„Alfa Spider“ ist seit Mitte der fünfziger Jahre ein Synonym für sportliche und offene Fortbewegung für die mittelgrosse Brieftasche. Wie schon die ersten beiden Generationen Giulietta Spider (1955 bis 1961) und Giulia Spider (1962 bis 1965), die überaus gelungene und bei den Alfisti beliebte Fahrzeuge waren, basierte auch der Neuling mit Entwicklungscode 105 von 1966 auf Grossserienmechanik und verzichtete trotzdem nicht auf (motor-) technische Highlights.

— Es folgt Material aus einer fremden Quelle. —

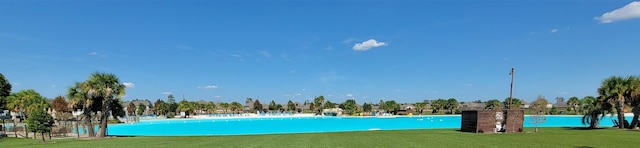 view of swimming pool featuring a lawn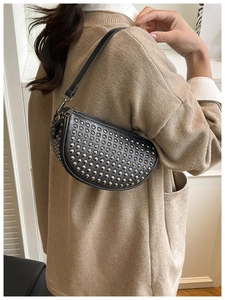 Detail of black leather crescent bag with silver stud rivets and a sleek zipper finish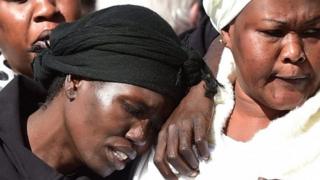 Akon Guode, (L), who has been sentenced over the murder of two of her children and the infanticide of another in Melbourne, Australia, after driving her car into a lake in 2015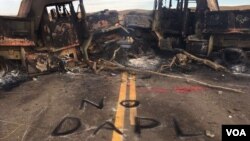 FILE - "No DAPL," or Dakota Access pipeline, is spray painted across the site of a protest flare up in North Dakota. (J. Patinkin/VOA)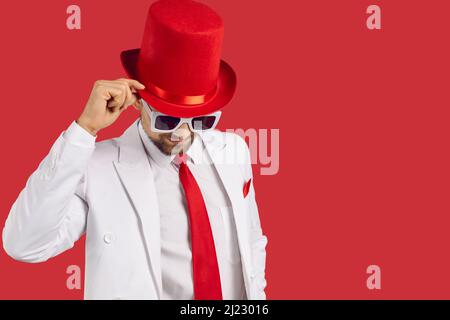 Portrait d'un beau gentleman en costume blanc, chapeau rouge et lunettes sur fond d'espace de copie Banque D'Images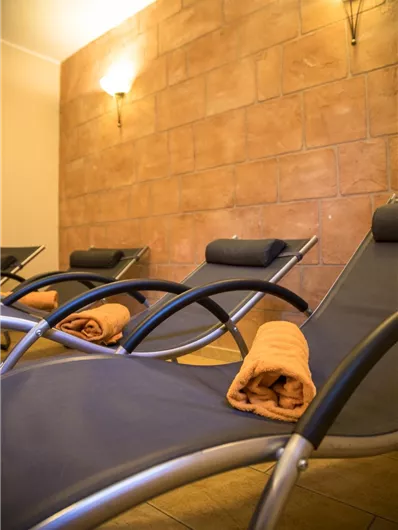 Ontspannen ligstoelen met oranje handdoeken in een warme kamer. De muren zijn in zachte aardetinten gehouden, wat een gezellige sfeer creëert.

Im Gegensatz zu manchem englischen Roadster war der Alfa Spider seiner Zeit voraus. Allerdings war er auch wesentlich teurer als die Konkurrenz von der Insel. So kostete der Spider 1966 auf dem wichtigsten Exportmarkt USA stolze 3’950 Dollar während der MGB Roadster schon für 2600 Dollar zu kaufen war.
Und die Optik begeisterte damals längst nicht so wie heute. Mancher Alfa-Fahrer spendete bei der Enthüllung am 10. März 1966 auf dem Genfer Salon nur verhaltenen Beifall. Beim Anblick des rundlichen und flachen Hecks wurden nämlich viele Südländer an ihren Mittagstisch erinnert. Der häufig servierte Tintenfisch hatte ein ähnliches Hinterteil, und so bekam der Spider sehr schnell den Übernamen „Osso di Sepia“.
Mehrere Stylingstudien als Wegbereiter
Allerdings dürften Insider nicht überrascht gewesen sein, als der neue Spider auf die Bühne trat. Die Designschmiede Pininfarina hatte den Grundentwurf in seinen wesentlichen Zügen bereits mehrmals in Studien verarbeitet. So stand 1961 am Turiner Salon die Giulietta Spider Speciale Aerodinamica. Ihre Grundform war mit dem späteren Serien-Spider schon praktisch identisch. Die charakteristische seitliche Sicke sollte die Seitenwindempfindlichkeit verringern, das flache Heck stammte aus alten Tropfenwagenzeiten bevor die Abrisskante erfunden war. Dadurch entstand der Zusatz „Aerodinamica“.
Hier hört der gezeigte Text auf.